So imagine what happens to my brain when the decision I need to make is actually consequential. Like, What am I doing about this relationship? Or, When do I quit my job?? Or, What color socks shall I wear today?
That is the sound of me shrugging my shoulders and turning on Netflix. Because, first, there’s Avoidance: becoming aware that a decision needs to be made, then taking that awareness…and flushing it down the toilet. The awareness sits obediently in a subconscious corner of my mind, taking up space and energy in my brain while it waits for genuine attention.
This can take a long time. Like, years. You know?
After the Avoidance comes the Agonizing. Why is this happening to me?! This is so difficult! Argh! Can’t someone else decide for me???! I am DONE.
I can throw extraordinary pity parties, although usually I don’t tell anyone about them. Sometimes I bring my bestie or my cat but mostly these soirees take place in my mind, where I am the downtrodden heroine who is seriously contemplating retirement.
This is not a particularly empowered place. (One of many costs of indecision.)

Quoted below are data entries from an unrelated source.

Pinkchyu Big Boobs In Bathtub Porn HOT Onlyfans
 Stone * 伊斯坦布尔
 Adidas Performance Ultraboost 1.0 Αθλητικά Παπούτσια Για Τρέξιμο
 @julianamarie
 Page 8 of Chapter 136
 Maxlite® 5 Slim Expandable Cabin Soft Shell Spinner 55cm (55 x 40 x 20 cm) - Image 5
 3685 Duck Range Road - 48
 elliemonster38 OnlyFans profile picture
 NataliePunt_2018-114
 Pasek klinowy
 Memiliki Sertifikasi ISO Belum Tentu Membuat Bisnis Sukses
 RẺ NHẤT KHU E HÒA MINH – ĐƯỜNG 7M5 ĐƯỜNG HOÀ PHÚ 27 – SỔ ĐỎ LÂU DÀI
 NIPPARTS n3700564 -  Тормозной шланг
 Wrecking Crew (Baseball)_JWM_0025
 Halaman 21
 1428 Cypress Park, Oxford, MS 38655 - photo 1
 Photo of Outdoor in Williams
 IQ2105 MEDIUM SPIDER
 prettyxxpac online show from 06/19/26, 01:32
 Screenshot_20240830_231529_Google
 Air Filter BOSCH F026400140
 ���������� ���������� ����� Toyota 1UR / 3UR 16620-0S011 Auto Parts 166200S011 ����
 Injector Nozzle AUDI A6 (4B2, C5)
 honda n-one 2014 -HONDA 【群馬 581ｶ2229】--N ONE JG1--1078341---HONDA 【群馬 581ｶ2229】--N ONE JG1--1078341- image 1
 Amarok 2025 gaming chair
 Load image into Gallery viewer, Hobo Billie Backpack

The Agonizing doesn’t last forever, thank goodness, mostly because I get bored with playing the same sentences on repeat, pretending that the rational arguments are getting me somewhere even while I’m still parked in front of the television. So almost by accident I move to the next phase, which is: (…drumroll…) Deciding! Finally!
For me, Deciding happens fairly quickly these days. Once I face up to the actual 3-D reality that a decision must be made, I sit down, and it happens. That’s basically it. At least, that’s how it would look from the outside.
Here’s what happens on the inside, broken down into steps:
Step 1: Sit down in quiet solitude. (No pings, no people, no cats.)
Step 2: Take deep breaths – personally, I prefer three – and focus my mind on the feeling of air entering and exiting my lungs, slowly and fully.
Step 3: Identify the decision to be made, and tune in to what I want.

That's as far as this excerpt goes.